Richard Ullman, the David K.E. Bruce Professor of International Affairs in the Woodrow Wilson School, spoke recently with staff members of the Princeton University Communications Office about the terrorist attacks of Sept. 11. Ullman has served as a staff member of the National Security Council and of the policy planning staff of the Office of the Secretary of Defense; as director of studies of the Council on Foreign Relations; as a member of the editorial board of The New York Times ; and as editor of Foreign Policy . In 1999-2000, he was a member of the Policy Planning Staff of the Department of State. He also is an FAA licensed glider pilot.
Does this attack reflect a long-term shift in the scale of terrorist activity?
Every hijacking I have ever heard of was used either to gain freedom for the hijackers themselves or to use the passengers as bargaining chips for persons in jail elsewhere. Now for the first time a terrorist organization has perceived what must surely have been obvious -- that a big aircraft loaded with jet fuel is an enormously powerful weapon. The other thing that they realized is that it does not take a genius to steer an aircraft already aloft into a large target. Anyone with a couple dozen or so hours of flight instruction and a certified death wish would thus become a terrible weapon.

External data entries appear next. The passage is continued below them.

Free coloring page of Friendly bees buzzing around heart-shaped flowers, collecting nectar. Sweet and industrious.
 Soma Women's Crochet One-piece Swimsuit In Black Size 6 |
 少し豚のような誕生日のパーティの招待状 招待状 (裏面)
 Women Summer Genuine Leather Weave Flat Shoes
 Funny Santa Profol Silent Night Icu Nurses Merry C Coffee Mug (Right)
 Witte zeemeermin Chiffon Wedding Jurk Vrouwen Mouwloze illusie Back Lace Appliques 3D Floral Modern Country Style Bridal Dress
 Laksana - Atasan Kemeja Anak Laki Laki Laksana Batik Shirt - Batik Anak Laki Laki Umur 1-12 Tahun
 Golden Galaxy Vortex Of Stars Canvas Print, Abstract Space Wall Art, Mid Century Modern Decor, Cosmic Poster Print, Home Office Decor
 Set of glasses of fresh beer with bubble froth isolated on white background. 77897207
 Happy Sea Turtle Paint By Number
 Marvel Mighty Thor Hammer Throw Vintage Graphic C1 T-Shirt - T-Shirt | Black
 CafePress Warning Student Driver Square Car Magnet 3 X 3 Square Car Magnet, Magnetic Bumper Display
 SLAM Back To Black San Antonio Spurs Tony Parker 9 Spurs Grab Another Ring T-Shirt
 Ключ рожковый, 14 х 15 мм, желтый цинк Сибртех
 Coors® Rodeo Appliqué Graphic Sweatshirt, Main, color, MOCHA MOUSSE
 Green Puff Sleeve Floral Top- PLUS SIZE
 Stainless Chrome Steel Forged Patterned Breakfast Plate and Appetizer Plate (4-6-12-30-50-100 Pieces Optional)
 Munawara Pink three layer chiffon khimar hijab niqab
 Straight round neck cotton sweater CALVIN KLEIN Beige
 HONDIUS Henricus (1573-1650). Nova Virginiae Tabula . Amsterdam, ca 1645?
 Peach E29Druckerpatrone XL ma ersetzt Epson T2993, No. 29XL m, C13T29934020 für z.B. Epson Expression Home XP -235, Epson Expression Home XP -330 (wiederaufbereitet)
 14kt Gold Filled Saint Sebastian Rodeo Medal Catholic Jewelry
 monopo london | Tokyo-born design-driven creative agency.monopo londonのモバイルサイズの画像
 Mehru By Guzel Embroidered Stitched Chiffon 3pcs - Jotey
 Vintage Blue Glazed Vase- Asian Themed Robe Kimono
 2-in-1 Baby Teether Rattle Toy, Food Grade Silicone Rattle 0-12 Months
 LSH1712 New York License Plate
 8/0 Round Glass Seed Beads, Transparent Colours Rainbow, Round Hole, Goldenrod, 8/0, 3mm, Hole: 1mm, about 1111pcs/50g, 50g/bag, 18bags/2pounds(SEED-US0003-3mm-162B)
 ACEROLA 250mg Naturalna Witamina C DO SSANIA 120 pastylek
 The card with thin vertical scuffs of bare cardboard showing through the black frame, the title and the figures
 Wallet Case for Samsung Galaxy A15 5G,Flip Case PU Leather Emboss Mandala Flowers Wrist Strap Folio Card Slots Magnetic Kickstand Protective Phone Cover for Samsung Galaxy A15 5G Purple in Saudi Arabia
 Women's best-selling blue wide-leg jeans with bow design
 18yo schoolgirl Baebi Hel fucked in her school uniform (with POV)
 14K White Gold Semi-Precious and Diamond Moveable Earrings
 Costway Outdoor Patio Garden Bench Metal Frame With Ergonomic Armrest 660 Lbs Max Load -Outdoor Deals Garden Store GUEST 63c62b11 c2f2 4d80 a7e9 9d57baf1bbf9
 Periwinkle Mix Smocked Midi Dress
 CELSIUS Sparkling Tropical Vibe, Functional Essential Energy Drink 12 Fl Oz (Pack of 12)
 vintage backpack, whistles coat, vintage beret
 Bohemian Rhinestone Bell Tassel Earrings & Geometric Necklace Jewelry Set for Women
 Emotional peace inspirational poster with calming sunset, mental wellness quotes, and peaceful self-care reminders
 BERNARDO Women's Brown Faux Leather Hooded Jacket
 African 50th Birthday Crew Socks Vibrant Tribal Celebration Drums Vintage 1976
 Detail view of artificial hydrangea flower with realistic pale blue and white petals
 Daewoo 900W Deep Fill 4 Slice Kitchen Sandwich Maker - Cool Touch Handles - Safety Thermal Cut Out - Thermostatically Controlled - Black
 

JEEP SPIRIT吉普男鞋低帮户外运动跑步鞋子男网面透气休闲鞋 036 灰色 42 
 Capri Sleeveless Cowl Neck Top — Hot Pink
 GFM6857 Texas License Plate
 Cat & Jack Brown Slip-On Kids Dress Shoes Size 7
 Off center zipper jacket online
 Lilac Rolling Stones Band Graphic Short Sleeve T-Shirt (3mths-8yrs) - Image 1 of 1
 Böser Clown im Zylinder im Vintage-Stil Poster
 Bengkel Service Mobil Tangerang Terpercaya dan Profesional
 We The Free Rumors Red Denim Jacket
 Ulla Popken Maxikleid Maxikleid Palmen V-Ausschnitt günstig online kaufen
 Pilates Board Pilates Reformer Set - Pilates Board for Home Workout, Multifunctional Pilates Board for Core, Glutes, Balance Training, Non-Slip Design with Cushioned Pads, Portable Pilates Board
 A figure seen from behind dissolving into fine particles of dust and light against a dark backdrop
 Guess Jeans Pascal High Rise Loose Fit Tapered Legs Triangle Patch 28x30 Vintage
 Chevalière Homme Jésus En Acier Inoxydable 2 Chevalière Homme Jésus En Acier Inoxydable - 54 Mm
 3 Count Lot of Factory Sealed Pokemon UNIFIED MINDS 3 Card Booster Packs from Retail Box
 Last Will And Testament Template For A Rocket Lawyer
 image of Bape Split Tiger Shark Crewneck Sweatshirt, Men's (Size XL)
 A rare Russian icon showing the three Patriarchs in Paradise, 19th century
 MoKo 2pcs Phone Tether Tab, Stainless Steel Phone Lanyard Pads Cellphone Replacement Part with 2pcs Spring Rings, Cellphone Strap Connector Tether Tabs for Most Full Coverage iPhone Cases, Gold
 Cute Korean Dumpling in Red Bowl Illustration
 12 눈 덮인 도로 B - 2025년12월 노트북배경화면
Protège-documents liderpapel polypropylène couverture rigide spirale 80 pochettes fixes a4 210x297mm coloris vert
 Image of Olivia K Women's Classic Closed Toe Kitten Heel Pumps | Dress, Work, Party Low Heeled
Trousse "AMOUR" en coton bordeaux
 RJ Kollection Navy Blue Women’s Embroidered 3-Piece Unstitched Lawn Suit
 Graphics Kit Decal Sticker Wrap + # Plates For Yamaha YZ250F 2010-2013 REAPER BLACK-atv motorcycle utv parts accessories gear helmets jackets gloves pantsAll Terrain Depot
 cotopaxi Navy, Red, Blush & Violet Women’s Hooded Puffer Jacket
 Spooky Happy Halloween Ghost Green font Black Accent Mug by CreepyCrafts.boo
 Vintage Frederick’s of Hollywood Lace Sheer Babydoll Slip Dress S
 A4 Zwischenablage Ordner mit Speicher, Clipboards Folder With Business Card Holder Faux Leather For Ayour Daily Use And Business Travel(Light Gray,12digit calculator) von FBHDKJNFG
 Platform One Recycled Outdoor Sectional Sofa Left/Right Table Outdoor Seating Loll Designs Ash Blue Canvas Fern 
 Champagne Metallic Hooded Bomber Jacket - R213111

The striking thing was that our assailants acted so successfully and with brilliant coordination, but also with remarkable luck. Virtually every aspect of an enormously complex operation worked. Other terrorists will almost certainly not be so lucky -- especially in the face of what will surely be a better and more alert early warning system on the part of military and civilian authorities. Our adversaries are also unlikely to be able to find so many accomplices who are both technologically competent and willing to commit suicide on demand.
Precisely because these actions are so much larger in scale than anything we've ever conceived of makes me think they are unlikely to occur on the same scale again. This may be the start of a new day in terrorism. But at the same time, in all sorts of ways, it is a new day in counter terrorism.
What can we do to reduce the risk? What should our leaders avoid?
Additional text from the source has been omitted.